Me Bourayou explique dans cette conférence comment un terrain de 3.000 m² de la Cité des Annassers a été dépouillé en détournant la loi de 1990 sur la réglementation foncière. Ce texte, qui stipulait que « les biens communs et étatiques doivent être transférés à la G.E.R.F.A (Gestion de l’étude et de la réforme du foncier algérien) pour en dispenser, et pour toute preuve qu’un terrain a déjà fait l’objet d’une délibération de la commune avant 1990, il sera mis à la disposition de cette dernière ».
« Ces gens n’avaient pas de délibération avant 1990, ils ont donc pris celle d’une autre commune et l’ont intégré dans le dossier. Et c’est comme cela que 3.000 m² ont été volés », continue Me Bourayou.
Selon l’avocat, ces 3.000 m² ont été par la suite transférés à la commune, qui les a transférés à la G.E.R.F.A avant qu’un chef d’une daïra, un directeur de commune et le nouveau propriétaire du terrain, M. Aïssat, n’en bénéficient. Il s’agit d’une opération de faux et d’usage de faux, procédée par « ceux-là mêmes qui sont supposés protéger les biens des collectivités », insiste-t-il.
Évoquant la réplique du CNERU (Centre national d’études et de recherches appliquées en urbanisme), auprès du lequel le propriétaire est en droit de posséder ces 3.000 m², Me Bourayou démontre, grâce à des correspondances entre la Caisse algérienne d’aménagement du territoire (CADAT) et l’Office de promotion et de gestion immobilières (OPGI) que « le terrain spolié appartient à la Cité des Sources et à ses résidents ».
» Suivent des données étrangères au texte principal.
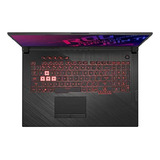 Laptop Asus Rog Strix G (2019) Gaming Laptop, 17.3 Ips Type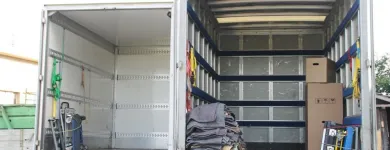 Unternehmen 2 Bild ALLO-DEMENAGEMENTS SÀRL Umzugsunternehmen am Fribourg FR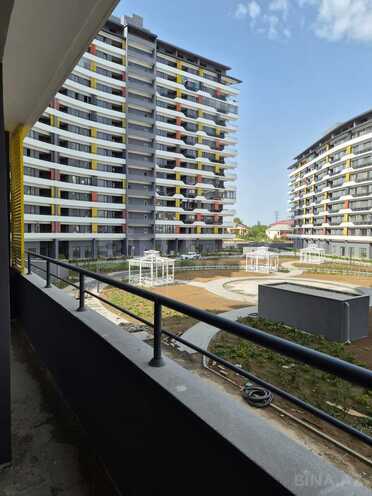 Satılır 2 otaqlı yeni tikili 80 m², Biləcəri q., photo 5 from 32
Ce terrain, jadis vendu par la CADAT à l’OPGI était estimé à près de 1 milliard de dinars, montant que l’Office devait à la Caisse, avant qu’elle ne cède son bien. Le CNERU a, par la suite, ouvert un dossier de créance impayée à l’adresse de l’OPGI, réclamant ce même montant.
En juillet 1997, le directeur du CNERU vend à M. Aïssat 3.000 m², « pour combler une créance de 750 millions de dinars », affirmant que le terrain appartient à ce centre. : « Il appartient au CNERU, que j’interpelle de cette place, de nous expliquer ce que cela représente, ces 750 millions de dinars! Vous êtes un centre d’étude, vous n’êtes redevables que pour celui qui vous présente une étude », s’écrie Me Bourayou. Et d’ajouter : « Il faut que vous sachiez que ces terrains nous appartiennent, nous résidents de la cité. »
Tour de passe-passe
Le propriétaire de ces 3.000 m², M. Aïssat Abdel Nasser, gérant de la société civile immobilière Dar El Malik, s’est porté caution d’une autre société, dénommée Delphine Pêche, dont il est également le propriétaire, auprès de Albaraka Bank. La société civile Dar El Malid s’est portée caution pour une seconde reprise, auprès du CNMA (Caisse nationale de mutualité agricole).
Albaraka Bank, non remboursée dans les délais préétablis, a engagé en 2005 une opération de vente aux enchères de ces 3.000m². « Reportée à plusieurs reprises, c’est la CNMA qui reprend la procédure en 2011 », déclare Me Bourayou, interloqué.
A la même période, les premières séances de vente aux enchères reprennent, à l’initiative de la CNMA. Seulement 4 personnes participent à cette opération, ce qui ne manque pas d’interpeller une nouvelle fois l’avocat. Ces 4 personnes avaient créé en mai 2011, entre deux reports de la session, une société. Cette dernière a participé à la vente avec ces personnes physiques, dont 3 frères, eux-mêmes associés dans cette société à responsabilité limitée.
« C’est par cette procédure de vente aux enchères secrète que cette société a accédé à cette propriété », d’un montant de 21 milliards. »Et les autorités, le wali en tête, ont favorisé cette procédure », conclut sèchement Me Bouarayou.